Number of features before multicollinerity: 27
Number of features after multicollinerity: 16


### Train Test Split 

In [11]:
X = df_after_multicollinerity.drop('y_encoded', axis=1)
y = df_after_multicollinerity.y_encoded

In [12]:
X_train, X_test, y_train, y_test = LogisticRegression.train_test_split(X,y)
print("\n X_train shape: ", X_train.shape, "\n X_test shape: ", X_test.shape, "\n y_train shape: ", y_train.shape, "\n y_test shape: ", y_test.shape)


 X_train shape:  (36168, 15) 
 X_test shape:  (9043, 15) 
 y_train shape:  (36168,) 
 y_test shape:  (9043,)


### Build Logistic Regression

In [13]:
clf = LogisticRegression()
clf.log_fit(X=X_train, y=y_train)
y_pred = clf.predict(X=X_test)
accuracy = clf.accuracy(y_test=y_test, y_pred=y_pred)

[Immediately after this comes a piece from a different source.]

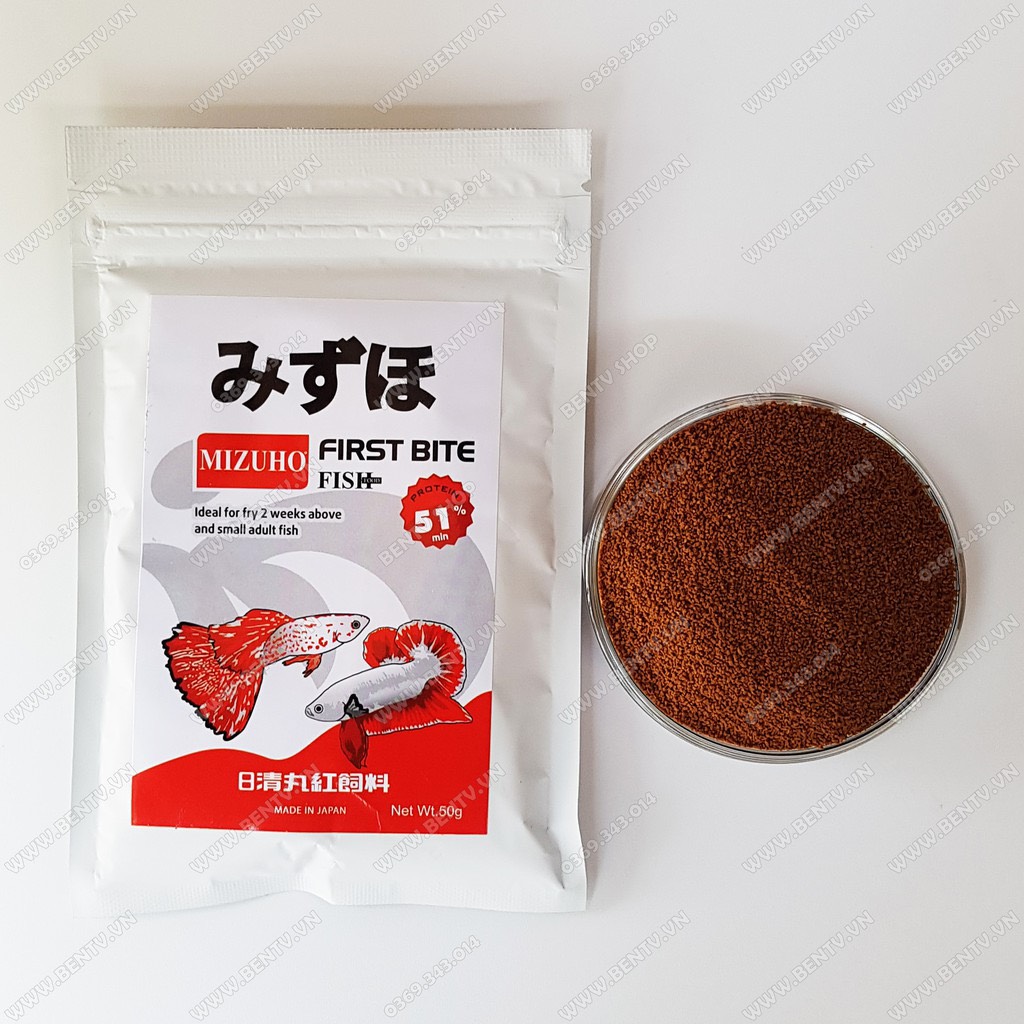 [Freeship+HCM+Luckyfish94] THỨC ĂN CHO CÁ 7 MÀU CÁ BETTA CÁ THỦY SINH CÁ CẢNH CÁM MIZUHO FIRST BITE A023 GÓI 50GR.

print("Accuracy of logistic regression is ", accuracy)

  return 1/(1+np.exp(-x))


Accuracy of logistic regression is  0.8178701758266063


In [18]:
#You can getter better result by changing parameters (learning rate and number of iteration) of logistic regression as you can see.
clf2 = LogisticRegression(lr=0.001, n_iters=1000)
clf2.log_fit(X=X_train, y=y_train)
y_pred2 = clf2.predict(X=X_test)
accuracy2 = clf2.accuracy(y_test=y_test, y_pred=y_pred2)

print("Accuracy of logistic regression is ", accuracy2)


  return 1/(1+np.exp(-x))


Accuracy of logistic regression is  0.8269379630653544